Stroszek is a highly unusual piece which entirely befits a filmmaker who simply never compromises his vision and certainly never resorts to the mundane or conventional. Conceived during the production of Herzog’s 1979 film Woyzeck (which starred Klaus Kinski), Stroszek was written specifically for Bruno S. as compensation for deciding to use the professional actor in the later film as opposed to the former street performer. In doing so – and in writing the film in a mere four days – Herzog incorporated several elements of Bruno S.’s actual life in the story. Schleinstein was often beaten as a child – just as his character in the film – and also spent many of his younger years in a number of institutions. He was a self-taught musician who was more than proficient on several instruments and his lack of acting ability was one of several considerations which informed Herzog’s decision to cast him in 1974’s The Enigma of Kaspar Hauser.
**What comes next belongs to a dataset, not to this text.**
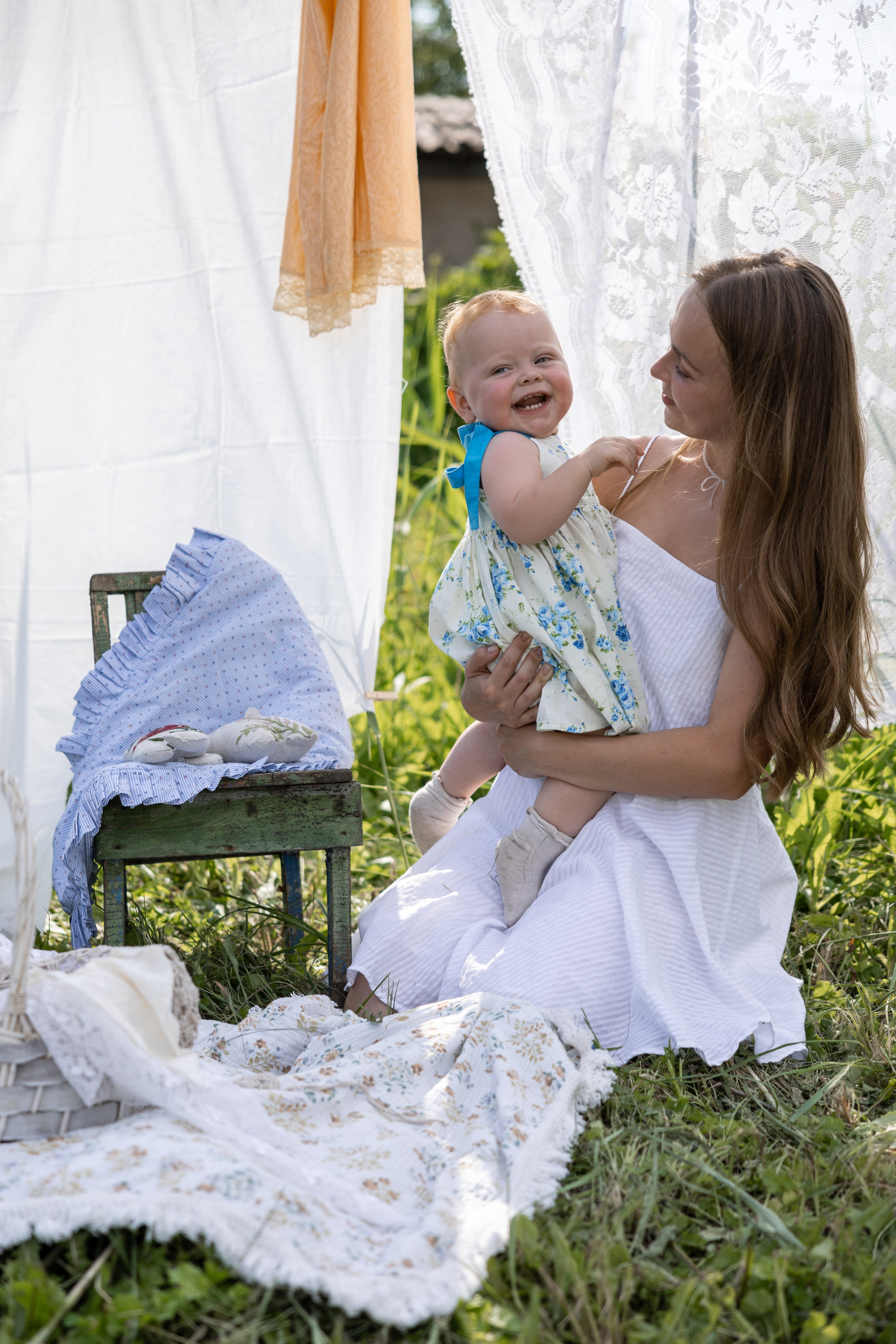 Для Алины и Лерочки. Школьный и семейный фотограф в городе Тамбов и Моршанск Елена Федорова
As per that earlier film, Bruno S.’s sincerity and unflinching sense of decency shine through in the main role, and he’s complemented well by Mattes and Scheitz in support. On a personal level, I couldn’t help but notice some similarities between this film and that of Wim Wenders’ Paris, Texas which followed a few years later. Both involve quite unique visions of America by prominent directors from the New German Cinema which evolved during the late 1960s and through the 1970s; both have various journeys which their central players undertake; and both posit on different levels the vacuity which exists at the centre of the so-called American Dream. This, once again, is a country where the individual can become lost and is only too aware of the identity he sacrifices as he strives to conform to the tenets of something that is only notional, that can never be truly realised. The words on the back of Bruno’s ski-lift chair take on an added air of pathos and tragedy when one considers how far away such an ideal place is from this well-meaning but rather unworldly figure. Is This Really Me?